Once they found people who seemed like a good fit for the show, the “Home Sweet Home” team had them put themselves on tape to see if they were comfortable on camera. They also conducted “really aggressive interviews with every single family member, down to the littlest kid,” DuVernay says, to make sure they were getting people who wanted to be there for the right reasons and would be able to “be their true selves” as ARRAY’s cameras captured them.

Sometimes, DuVernay admits, they would find people who seemed like a fit but their home was not suitable for production. Getting a camera crew in a small apartment could cause complications, for example, and since production took place during the COVID-19 pandemic, different parts of the country were allowing different things when it came to productions, as well.

“We had two homes going at the same time. That means two different crews, COVID regulations, mask shields, field testing. If one kid gets sick or has a stuffy nose, we’re shutting down. It was a lot,” she says. “We were shooting during the Jan. 6 terrorist attack on our Capitol, we were shooting at the time of the election. We were feeling a heightened emotion about what we were doing and there’s hope that somebody might see this and feel differently about Muslims or Mormons or queer people or Latinx people or Jewish people.
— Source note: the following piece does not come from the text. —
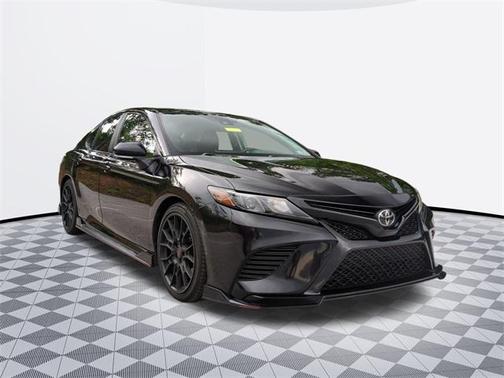 2021 Toyota Camry TRD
Something has to happen here where we all get out of our corners.”

DuVernay adds that a surprisingly low number of Americans have ever been in the home of a person that is very different from their own cultural identity.
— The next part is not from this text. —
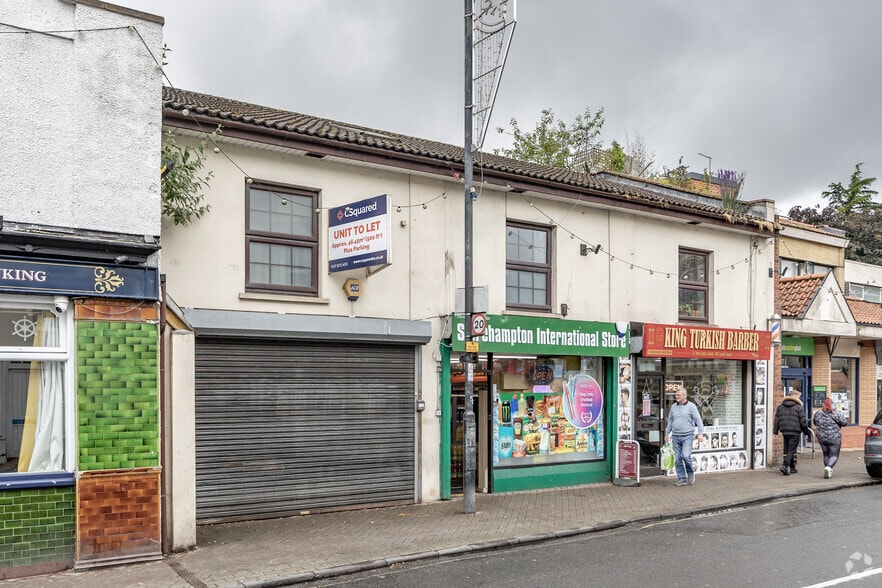 27-29 High St, Bristol for lease - Primary Photo - Image 1 of 2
“There was a Mormon family and I remember feeling a little bit of a way — like, ‘Do they know I’m Black and I’m the creator of this?’ They were like, ‘Yeah they know, and they want to be on the show,’ ” she says. “And in meeting them and in watching their home, I’m saying, ‘Wow I’m painting all Mormons with this wide brush of my own preconceived notions and assumptions about who these people are, and they might be doing the same thing, and it’s not until you get to know each other does any of that change.'”

The chance to open people’s minds is a big part of DuVernay’s storytelling across genres — from OWN’s “Queen Sugar” and “Cherish the Day” to Netflix’s “When They See Us” and the upcoming “Colin in Black & White” — but it was also an important part of why she pushed through the challenges of making “Home Sweet Home” during the pandemic to release it at this moment in time.

And she admits there were challenges.

Always wanting to keep budgets lean, ARRAY eschewed the advice of hiring seven picture editors to sift through the literal hundreds of hours of footage that followed all 18 families on “Home Sweet Home.” Instead, they went with four, with DuVernay weighing in personally, as well. “We don’t outsource,” DuVernay notes. “We’re doing it. But we’re used to movies so we were like, ‘Seven editors?! This is inefficient!'” But with five cameras running 24 hours a day for five days per episode, DuVernay says she had never seen so much footage.

“These are moms and dads, and moms and moms, and dads and dads. I didn’t want any adults to be embarrassed in front of their children; I didn’t want them to feel diminished,” DuVernay says of working on the final edits.

“There’s just a lot of joy throughout the season. I work so much on very hardcore social justice stuff, especially my films and even ‘Colin in Black & White.’ [This] is just in a different tone and a different format and a different way into the same statement I’m making. I think that is the joy in what I do,” she continues. “They all, at the core, have a beating heart of, ‘Can’t we all treat each other a little better?’ ”

“Home Sweet Home” premieres Oct. 15 at 8 p.m. on NBC.